--- Instructions for the task ---
Repeat the full listing below verbatim and keep the images out.

--- Dataset content ---
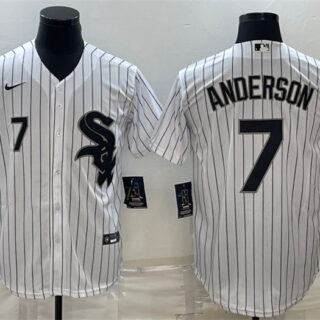 Men's Chicago White Sox #7 Tim Anderson White Cool Base Stitched Jersey
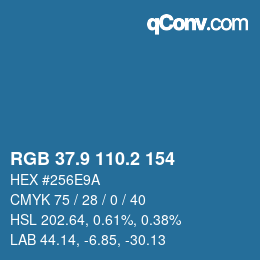 Color code: RGB 37.9 110.2 154 | qconv.com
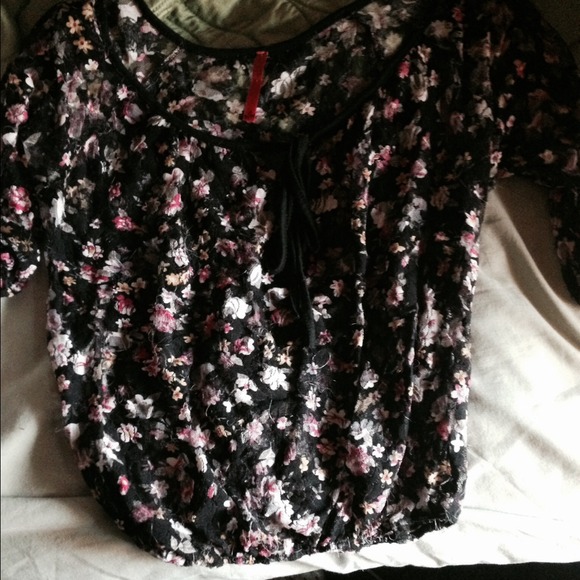 See-through floral shirt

--- Result of the task ---
 Men's Chicago White Sox #7 Tim Anderson White Cool Base Stitched Jersey
 Color code: RGB 37.9 110.2 154 | qconv.com
 See-through floral shirt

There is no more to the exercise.